A real blizzard raged in the Knobs Friday night. A heavy snow fell on the peaks of the mountains and covered all the vegetation. The snow has not melted as yet. The thermometer registered below 20. And, the second crops of cherries, blackberries and other fruits which were beginning to ripen were totally destroyed.
75 YEARS AGO — 1937
The Boyle Fiscal Court has voted to move records and equip the new vault addition to the county clerk’s office. Bids will be taken for a connecting door with the old vault and new equipment. The court also ordered a wood floor be installed in the basement to the new vault and that metal shelving, desks and other furniture and proper lighting be installed.
One of the largest specimens of petrified wood ever found in Kentucky has been discovered in Boyle County near Brumfield and is now on exhibition at the geology museum of the University of Kentucky. This specimen is from the New Providence shale in the Mississippian age. The Boyle County petrified wood is blackish gray and looks almost as if it were real wood. The original lines and grain are visible on the ends just like fresh cut wood. It is about a foot long and about three inches through the middle. Petrification of wood is seldom found in Kentucky.
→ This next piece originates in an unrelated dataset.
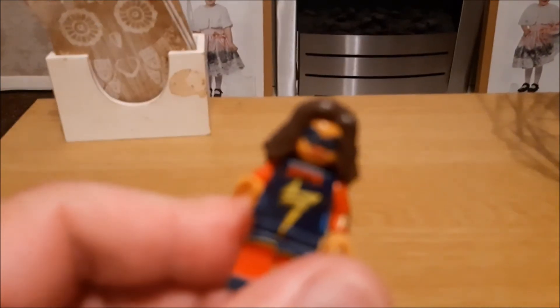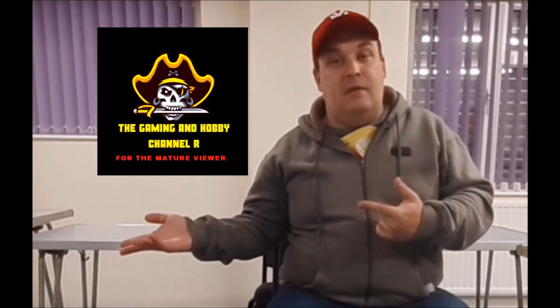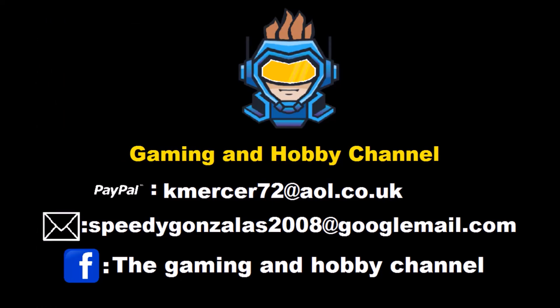Hey guys and girls, I hope you enjoyed that content. Don't forget to hit that thumbs up and give me a subscribe — if you've done that, thank you very much. If you like your content a bit more mature, a little bit gory, sometimes scary, or you want to find out what's going on in my personal life, come along to the gaming hobby channel and we'll see you there. Keep safe and stay fab — goodbye!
Durham & Morgan are advertising used cars this week. All of these cars have been through the shop and are ready for the road. Your old car will make the downpayment. During the company’s first anniversary sale the deals include: 1929 Whippet Coach, $75; 1930 Chevrolet Coach, $135; 1933 Plymouth Sedan, $365; 1933 Chevrolet Panel Delivery, $250; and a 1937 Terraplane 72 Brougham, $625.
50 YEARS AGO — 1962
Close to 3,000 voters residing in the 11 precincts in the Danville Independent School District cast their ballots and upset all three incumbents to the school board. Newly elected school board members are Dr. Louis Beto with 2,120 votes; Mrs. Helen Davis with 1,420 votes and Briscoe Inman with 1,394 votes.
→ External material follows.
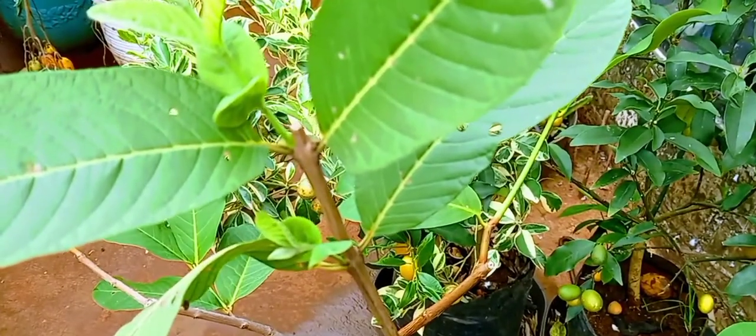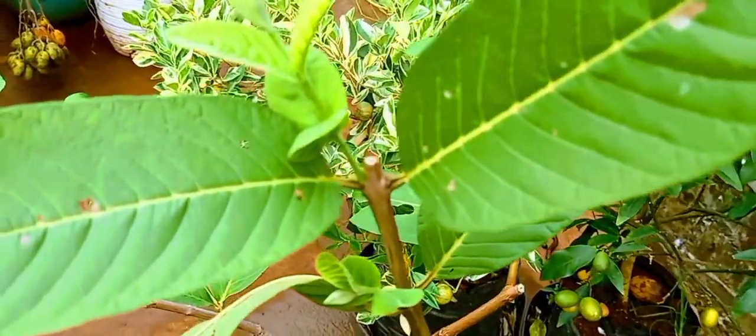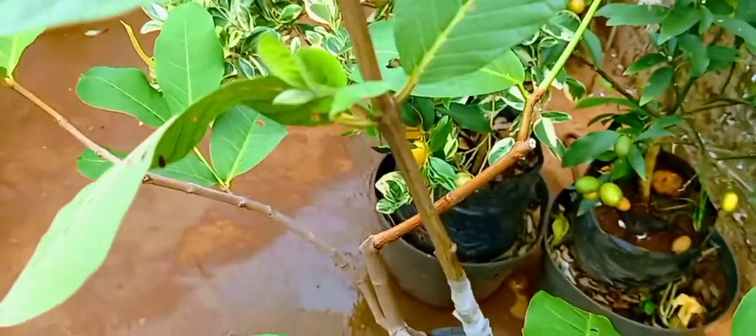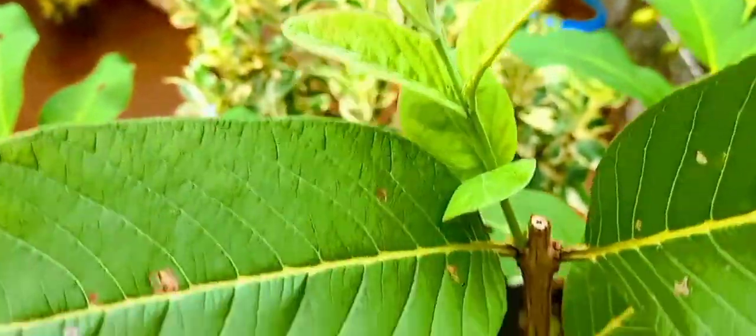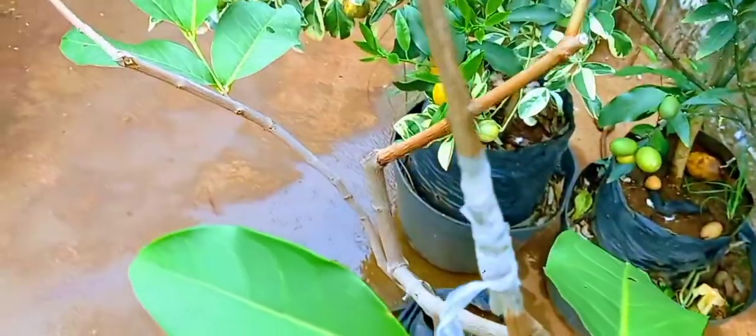Assalamu'alaikum warahmatullahi wabarakatuh. Jambu biji bangkok dan jambu air dalam satu pohon. Jadi jambu air ini kita sambung dengan jambu biji bangkok. Nah ini bisa dilakukan.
Members of the Boyle County Utopia Club, of which Joe Tucker is president, will conduct a special project in cooperation with Boyle County farmers to help raise more money toward this county’s quota and proportionate share of the approximately $300,000 estimated as the cost of the new 4-H Club Camp being built for local 4-Hers and others from this part of the state in Nicholas County. Boyle was allocated a quota of $11,000 as its fair share to raise.
To help this county reach its goal, every tobacco grower, which is every farmer in Boyle, will soon be visited and asked to give a stick of tobacco for the club to sell. By being liberal, Boyle County farmers will have the satisfaction of knowing they have done their share toward helping to build a much needed camp for 4-H boys and girls.
25 YEARS AGO — 1987
Deer hunting has been halted because of a ban against being in private or public forest. The ban was issued by the governor’s office because of the danger of forest fires. The ban closes all state and private forests to most of the public. It stops the bow season for deer. Gun season which starts in some zones on Nov. 14, may have to be rescheduled if the emergency proclamation is continued. The proclamation was issued because fires have damaged over 24,000 acres in eastern Kentucky since Oct. 1.
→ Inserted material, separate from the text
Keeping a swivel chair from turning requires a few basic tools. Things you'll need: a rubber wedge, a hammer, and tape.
Democrat Wallace Wilkinson, a native of Casey County, said his record victory in the campaign to become Kentucky’s governor proved that the American dream was possible for him and is still possible for Kentucky. Wilkinson broke three 12-year old records — the percentage of the vote, the 231,332 vote margin, and his victory in 115 of Kentucky’s counties, including all but two in 28 in the traditionally Republican 5th Congressional District.
Wilkinson’s first political victory was also the state’s most expensive election. He spend $4 million to win the Democratic nomination, including a $2.3 million personal loan, which has since been repaid, and $2 million in the general election.